Mutasi Kapolres Tanggal 22 Januari 2019, AKBP Anthon Haryadi Bergeser Tugas di Polda Kalteng
Rotasi jabatan di tubuh Polri kembali bergulir pada 22 Januari 2019. Salah satu nama yang ikut terseret dalam mutasi tersebut adalah AKBP Anthon Haryadi. Pergantian posisi ini menjadi bagian dari penyegaran organisasi sekaligus penempatan personel sesuai kebutuhan institusi di berbagai wilayah.

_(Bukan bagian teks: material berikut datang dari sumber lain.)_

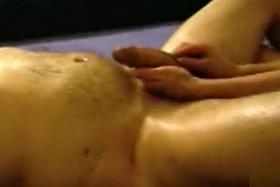 Asian woman enjoys tugging hard on a throbbing dick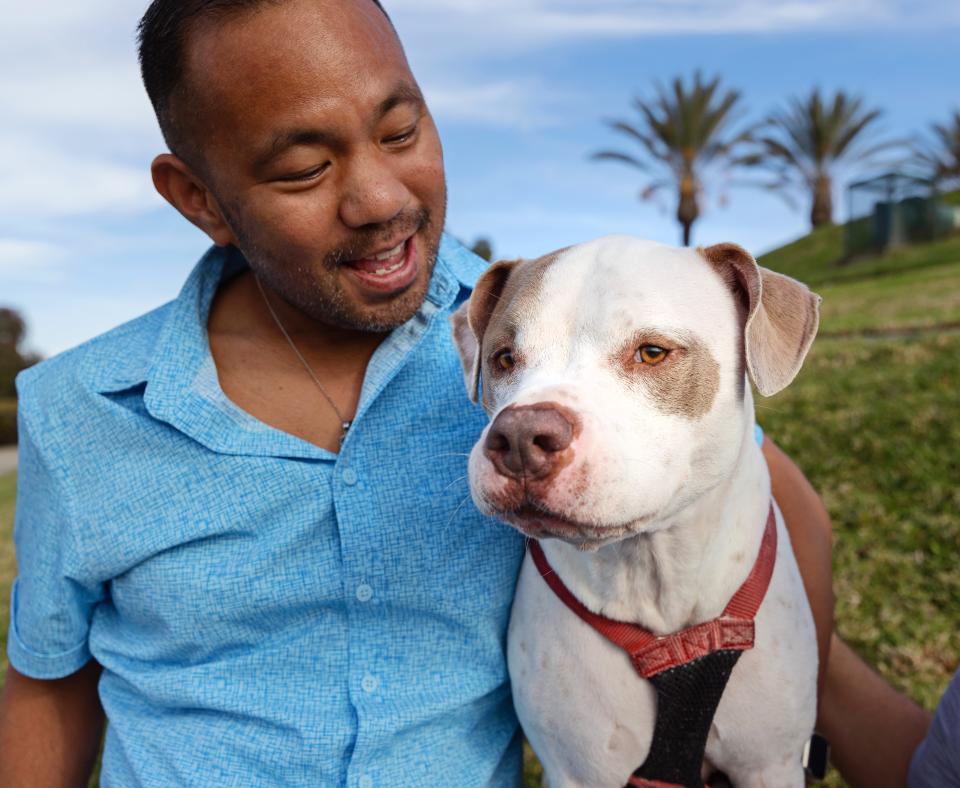 Person smiling at a dog they're sitting next to on the grass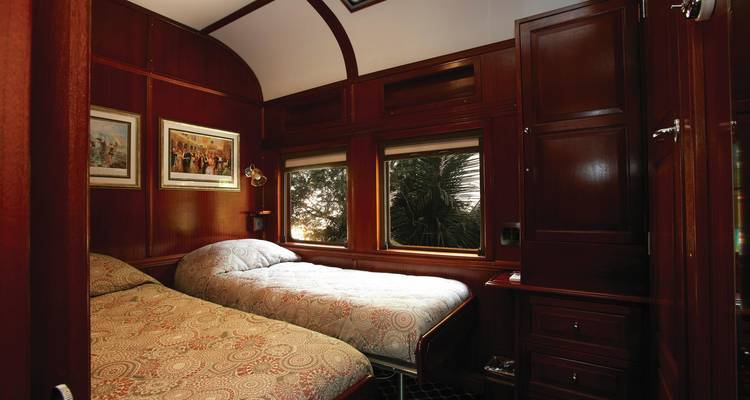 Train cabin with twin beds and windows showing landscape.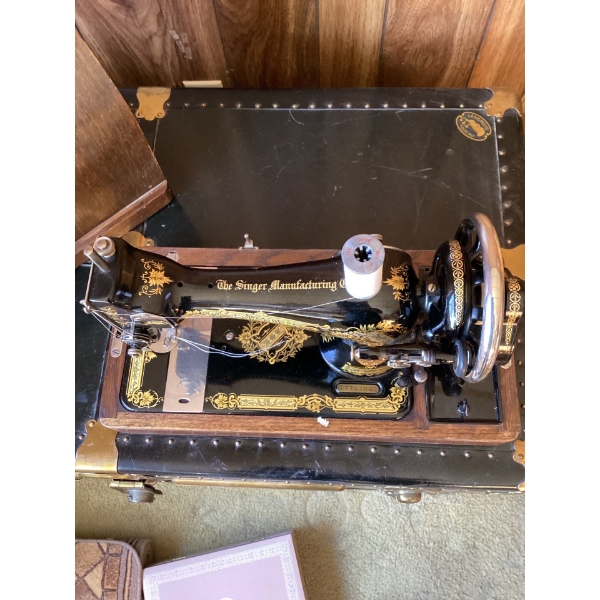 This is a vintage Singer sewing machine in a bentwood carrying case. , likely a Model 128 or similar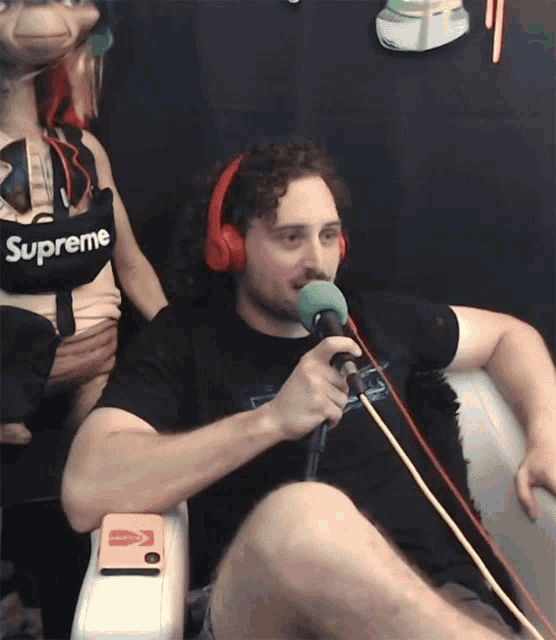 a man wearing headphones and a shirt that says supreme on it
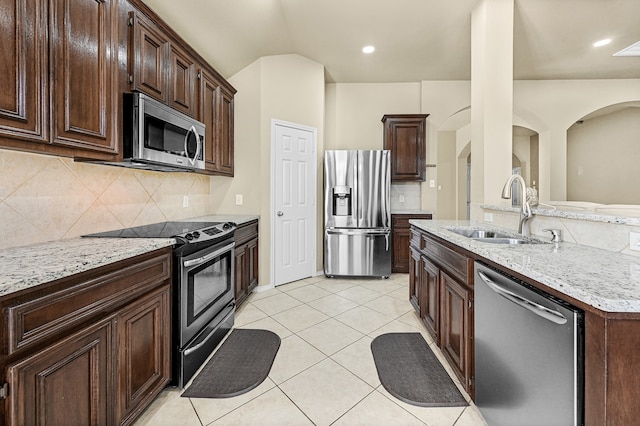 kitchen with stainless steel appliances, sink, light tile patterned floors, backsplash, and dark brown cabinets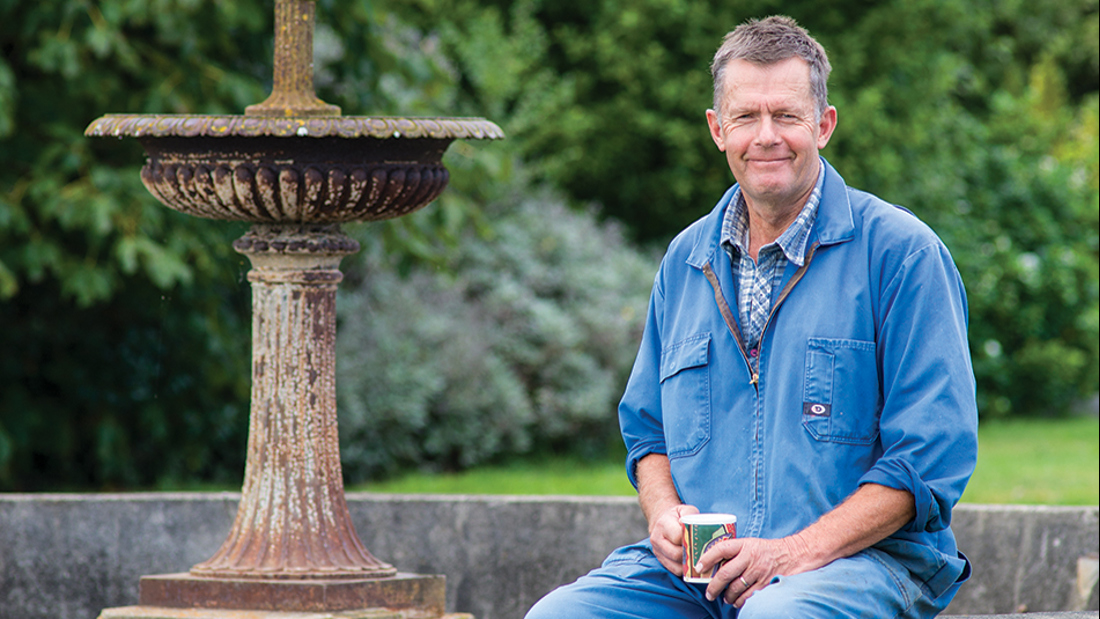 A man sitting down holding a mug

Mutasi sebagai bagian dari penyegaran Polri
Di lingkungan kepolisian, mutasi bukan sekadar perpindahan jabatan, melainkan juga ruang untuk memperluas pengalaman dan memperkuat kinerja organisasi. Polri kerap melakukan pergeseran pejabat sebagai langkah pembinaan karier serta upaya menjaga ritme kerja tetap dinamis. Dalam konteks ini, mutasi AKBP Anthon Haryadi menegaskan bahwa pimpinan memberi kepercayaan kepada perwira yang dinilai memiliki rekam jejak kerja baik.
Selama menjabat sebagai Kapolres, Anthon Haryadi dikenal sebagai sosok yang tegas, namun tetap mengedepankan pendekatan yang adil dan mengayomi. Gaya kepemimpinan seperti ini dinilai penting untuk menjaga soliditas internal sekaligus membangun hubungan yang sehat dengan masyarakat.
Jejak kepemimpinan dan harapan di tempat baru
Mutasi yang dialami AKBP Anthon Haryadi juga dibaca sebagai bentuk pengakuan atas dedikasi dan hasil kerja yang telah ia tunjukkan. Di mata kolega dan masyarakat, ia dipandang mampu menjaga ketertiban, menciptakan suasana kerja yang profesional, serta membangun komunikasi yang baik dengan berbagai pihak.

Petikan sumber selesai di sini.